§ What to work on
Leaving out all pictures, repeat exactly the lines from the one that holds "-郴州特产舜华临武鸭(郴州西站店)" to the last line of the entries below.

(Stored entries)
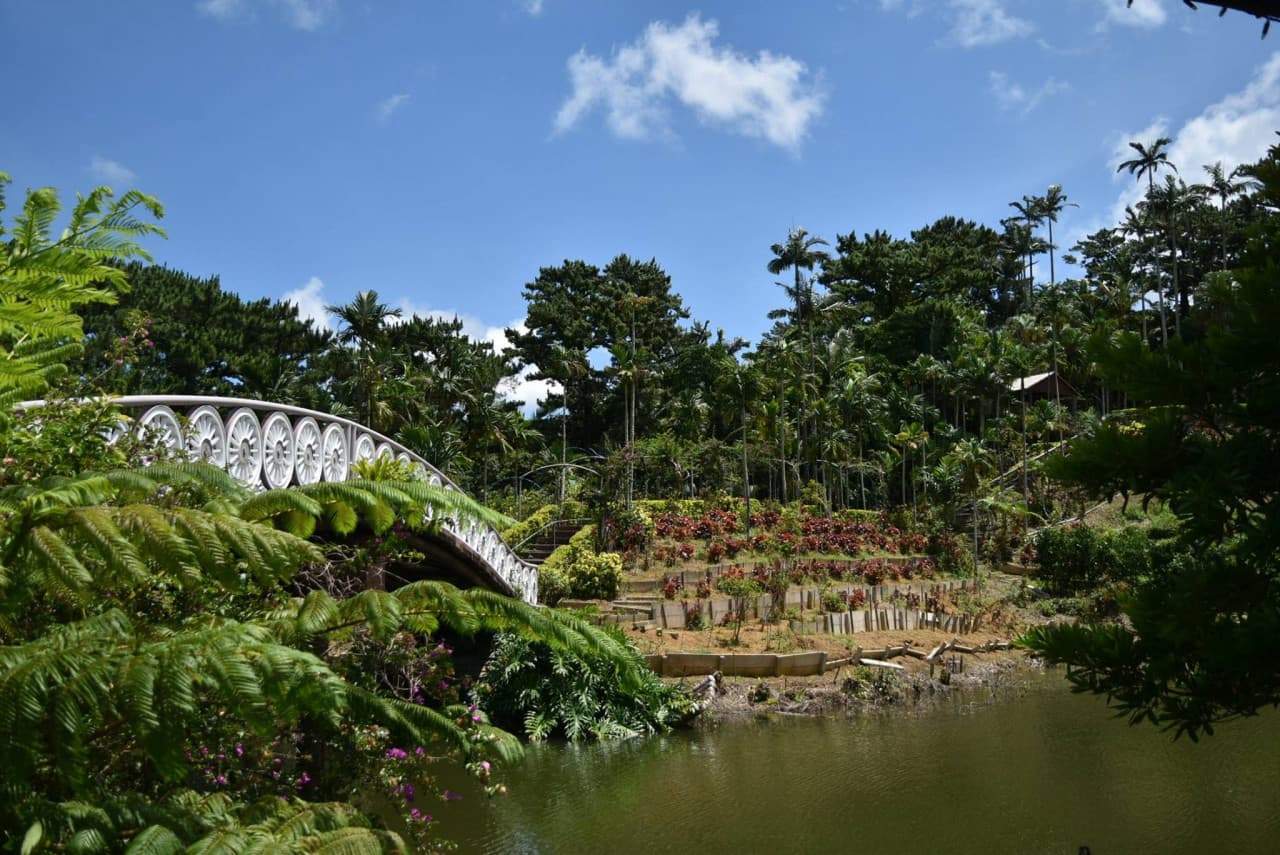 Okinawa Southeast Botanical Gardens – photo 37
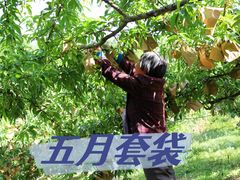 -郴州特产舜华临武鸭(郴州西站店)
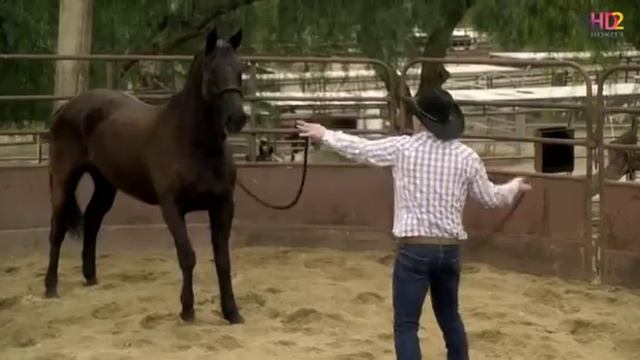 Дикие сердца. смотреть онлайн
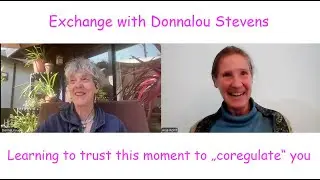 Learning to trust this moment - OPEN FOCUS - Exchange with Donnalou Stevens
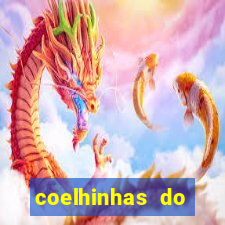 coelhinhas do brasil recife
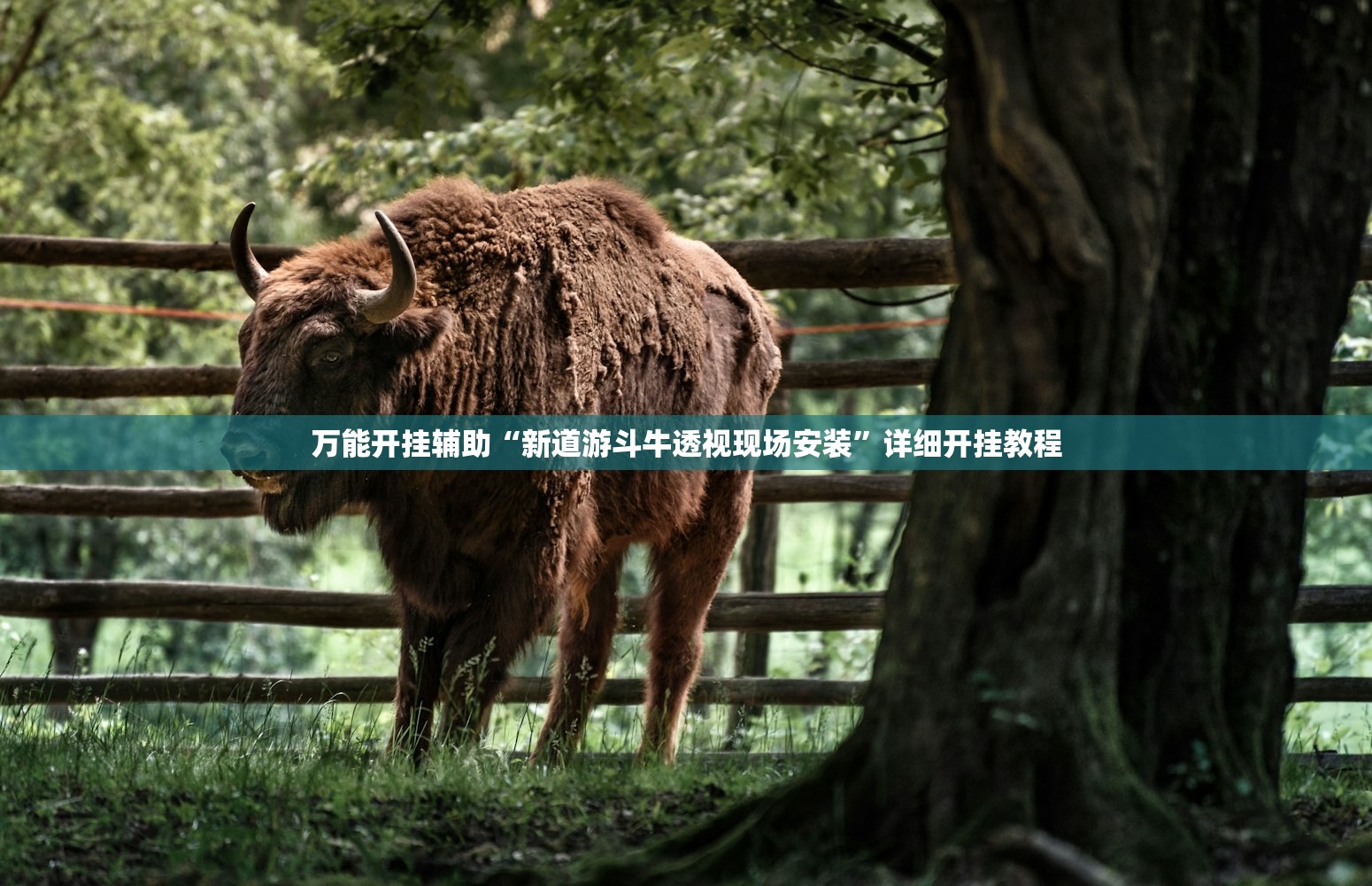 教程辅助!柠檬大厅怎么开挂”2026开挂教程步骤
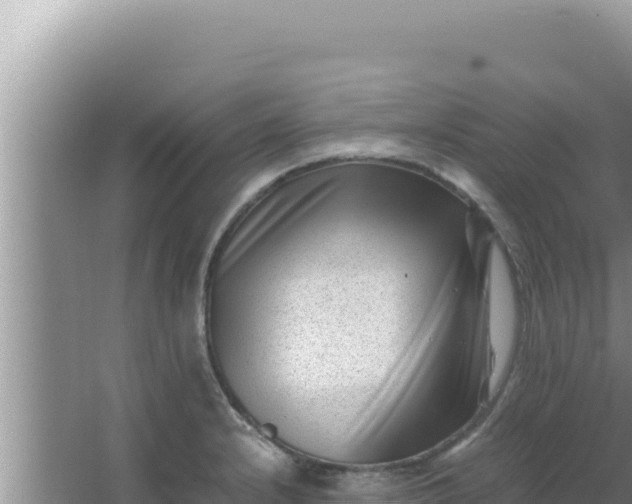 X0000066961232200604071956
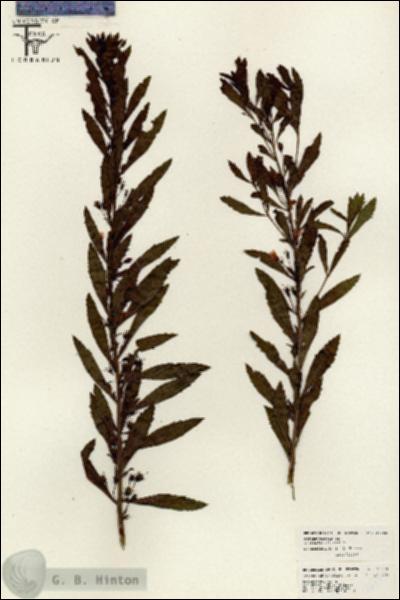 URN_catalog_HBHinton_herbarium_26492.jpg.jpg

§ Exercise output
 -郴州特产舜华临武鸭(郴州西站店)
 Дикие сердца. смотреть онлайн
 Learning to trust this moment - OPEN FOCUS - Exchange with Donnalou Stevens
 coelhinhas do brasil recife
 教程辅助!柠檬大厅怎么开挂”2026开挂教程步骤
 X0000066961232200604071956
 URN_catalog_HBHinton_herbarium_26492.jpg.jpg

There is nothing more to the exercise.